Mohon tunggu...
Endah Lestariati
Endah Lestariati Mohon Tunggu... karyawan swasta -

Seorang banci kolam [renang] yang sedang butuh vitamin K; Kamuuuuuuuuuu

Selanjutnya

Tutup

Travel Story Artikel Utama

Bromo, Gaung Keindahan yang Tiada Kunjung Habis

26 Oktober 2013   23:55 Diperbarui: 24 Juni 2015   05:59 881
+
Laporkan Konten
Laporkan Akun
Kompasiana adalah platform blog. Konten ini menjadi tanggung jawab bloger dan tidak mewakili pandangan redaksi Kompas.

[caption id="attachment_274321" align="alignnone" width="614" caption="Namanya Bromo; terdengar sangat priyayi"][/caption]

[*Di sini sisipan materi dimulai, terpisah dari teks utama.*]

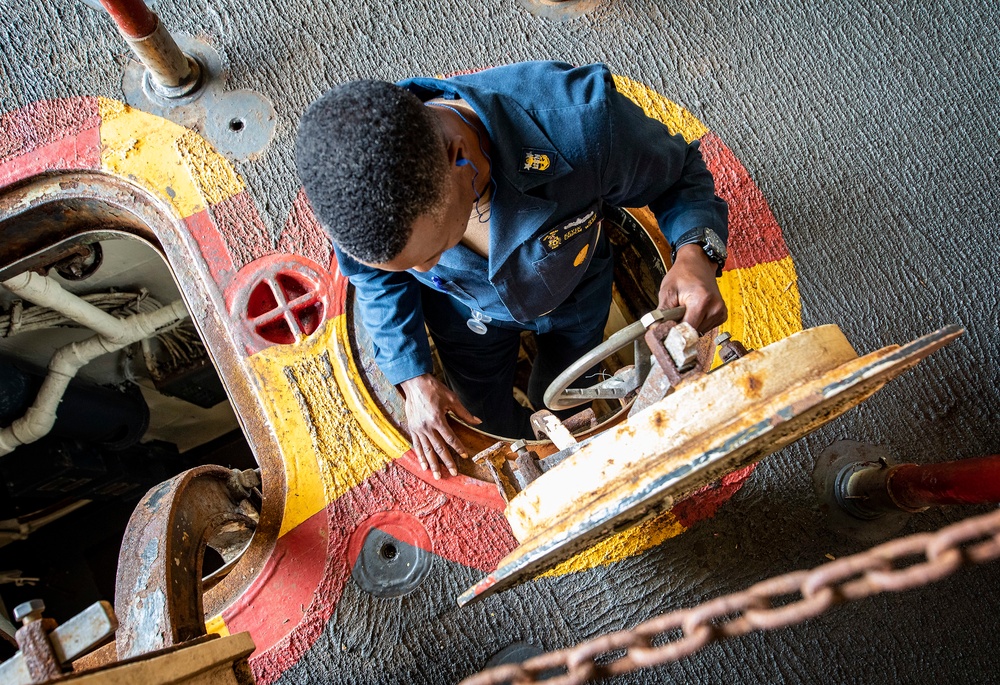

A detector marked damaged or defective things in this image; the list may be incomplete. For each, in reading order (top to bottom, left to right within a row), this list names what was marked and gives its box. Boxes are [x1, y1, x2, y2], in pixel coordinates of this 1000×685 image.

corroded bolt [13, 600, 44, 624]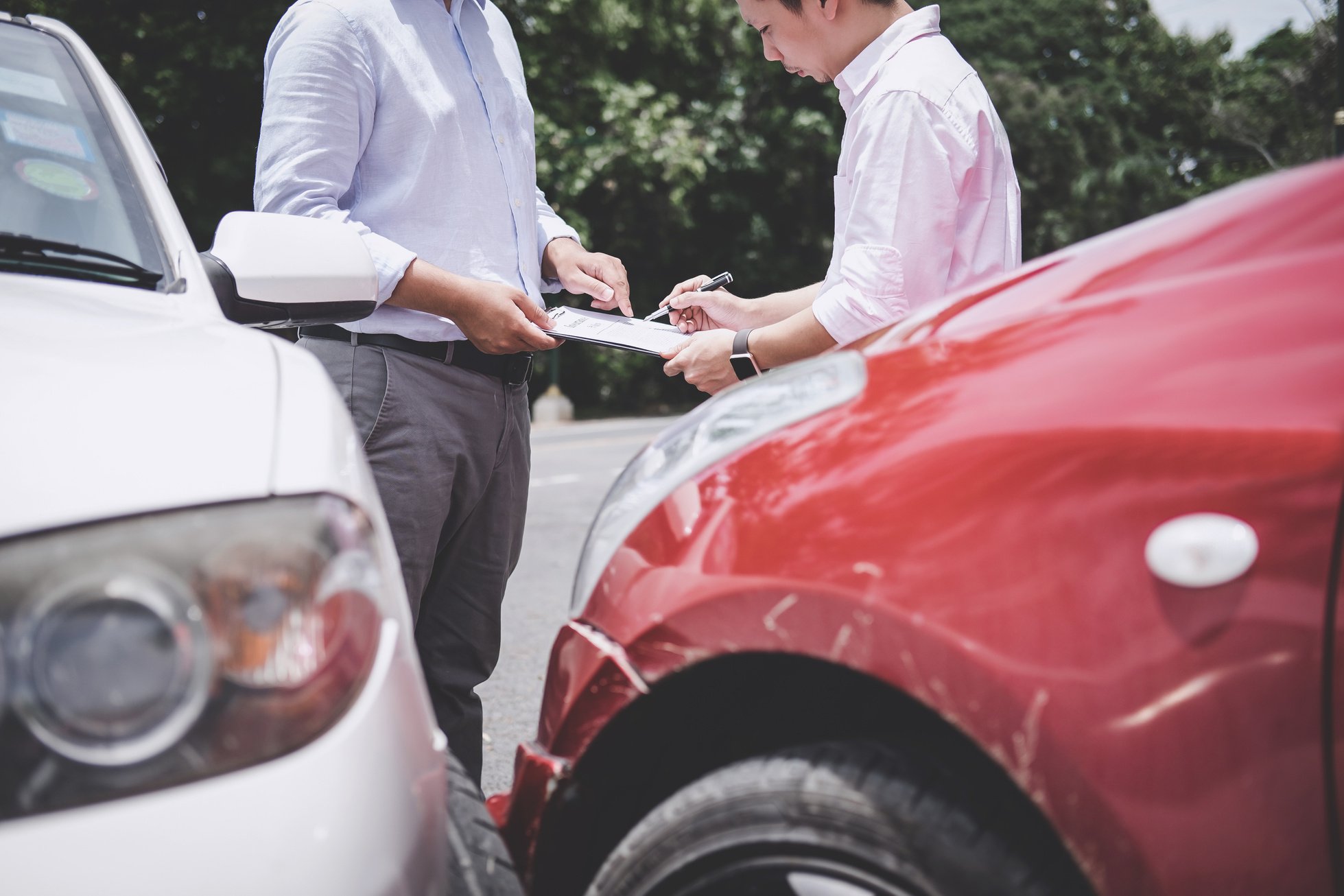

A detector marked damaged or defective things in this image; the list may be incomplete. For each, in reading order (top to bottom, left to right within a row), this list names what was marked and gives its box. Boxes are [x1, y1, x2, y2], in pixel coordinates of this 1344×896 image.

damaged red car [491, 161, 1344, 896]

Ini entah perjalanan serupa yang keberapa.  Melintas medan yang sama. Keindahan yang sama tetapi tiada kunjung membosankan. Bromo. Tengger. Puncak Penanjakan. Segara Wedi.  Cemoro Lawang. Dan beberapa spot familiar yang menjadi icon kawasan ini.

Niat kali ini ingin sekedar numpang guling-guling menikmati udara dingin di rumdin teamnya Fe. Janji beberapa bulan lalu untuk menyambangnya, baru kesampaian saat injury time, ketika yang bersangkutan sudah berada pada sisa masa tugas sebagai Bidan Pencerah Nusantara di Desa Tosari, salah satu sudut kaki Tengger.  Dan niat gegulingan itu harus sirna karena dua orang teman kami; Ijef dan Inod menyatakan keikutsertaannya mengunjungi Tosari, merembet pada kegiatan memburu matahari terbit di Puncak Penanjakan, tergerak mencumbu segorowedi, dan lambaian trek Bromo yang menggoda untuk didaki.

Sabtu 28 September 2013 di hari janjian, Fe sebagai tuan rumah masih berurusan di Kota Malang. Duo Ijef dan Inod yang kebetulan berdomisili di Malang menyamakan jadwal menuju Tosari berbarengan dengan Fe melalui jalur Nongkojajar. Aku cukup pede mengeset keberangkatan via Warung Dowo, Pasuruan, dengan pertimbangan menyesuaikan waktu keberangkatan rombongan dari Malang dan langsung bertemu di Pasar Tosari. Belakangan baru kuperoleh informasi bahwa melintas Warung Dowo-Puspo-Tosari di atas waktu Magrib adalah rawan kriminalitas. Lewat pukul 16.00 WIB kucoba berpacu dengan waktu, berjibaku dengan kemacetan sepanjang Jalan A Yani Surabaya, jalan protokol sepanjang Sidoarjo hingga Porong, berharap mencapai Kota Pasuruan sebelum pukul 17.00 WIB. Tentu saja aku gagal. Adzan magrib berkumandang tepat ketika aku dihadapkan kebimbangan untuk membelokkan motor di Pertigaan Warung Dowo. Entah berapa belas panggilan tak terjawab dari team Malang yang tak sengaja kuabaikan sepanjang perjalanan, intinya mereka mencemaskan keadaanku apabila nekat berkendara sendirian melintas jalur rawan.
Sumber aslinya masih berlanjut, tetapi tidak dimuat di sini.